Southern African leaders concluded their summit Sunday, but not their talks on Zimbabwe's protracted crisis.

The summit host, South African President Thabo Mbeki, said the Southern African Development Community's key committee on security and politics had been discussing Zimbabwe since Friday, and after formal closing ceremonies "will convene again just to deal ... with the situation of Zimbabwe."

Mbeki has been mediating power-sharing talks between Zimbabwean President Robert Mugabe and the opposition, navigating a bitter rivalry that has defied quick solutions.
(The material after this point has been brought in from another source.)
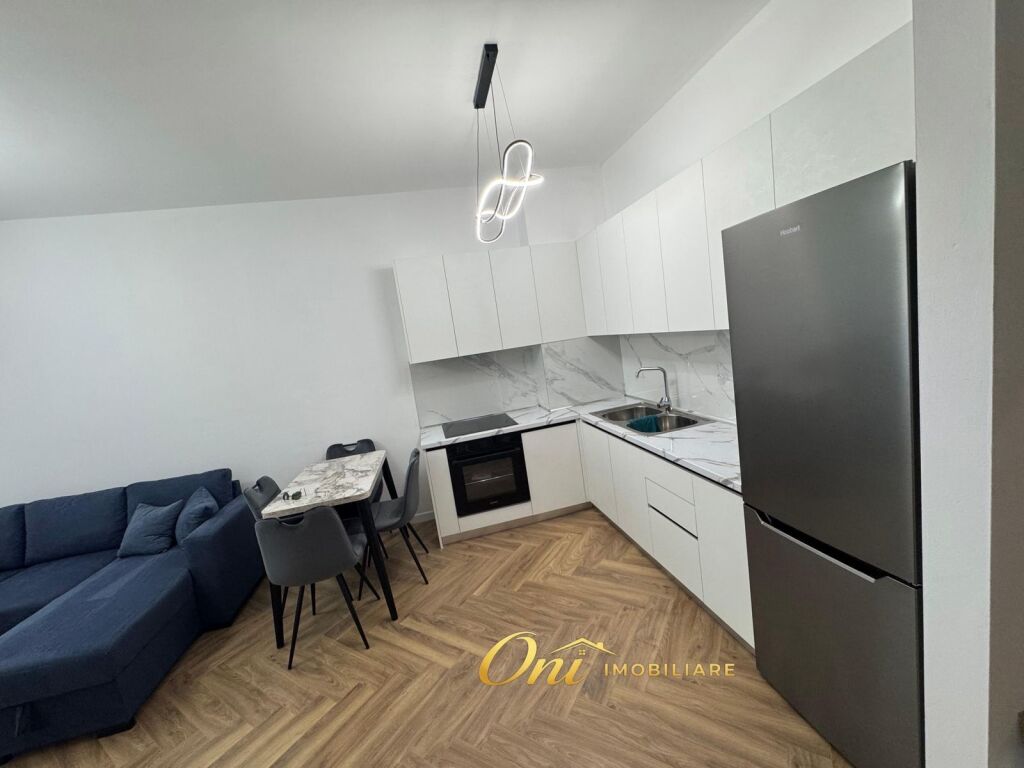 JEPET APARTAMENT ME QERA 1+1 MISTO MAME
Zimbabwean opposition leader Morgan Tsvangirai, who attended Sunday's summit closing, said negotiations were continuing.

"The issue has not been finalized," Tsvangirai said.

In a speech Friday to SADC leaders, Tsvangirai said his Movement for Democratic Change had proposed to Mugabe's ZANU-PF party that Tsvangirai take a powerful prime minister's role in any unity government. Tsvangirai said he would concede the presidency -- and the role of military commander in chief -- to Mugabe.

That would mean a major curbing of powers Mugabe has wielded for nearly three decades, since independence from Britain in 1980. But it also would leave Mugabe, accused of deploying soldiers and police against political dissidents, at least nominally in charge of the army. Under Tsvangirai's proposal, the president would only be able to exercise military power on the advice of the prime minister.

Zimbabwean military leaders have said they would refuse to recognize Tsvangirai's authority.

Tsvangirai came first in a field of four in the first round of presidential voting in March, but did not win by the margin necessary to avoid a runoff against second-place finisher Mugabe. Tsvangirai withdrew from the June 27 runoff because of attacks on his supporters blamed on Mugabe's party militants and security forces.

Mugabe held the runoff, and was declared the overwhelming winner, though the exercise was widely denounced.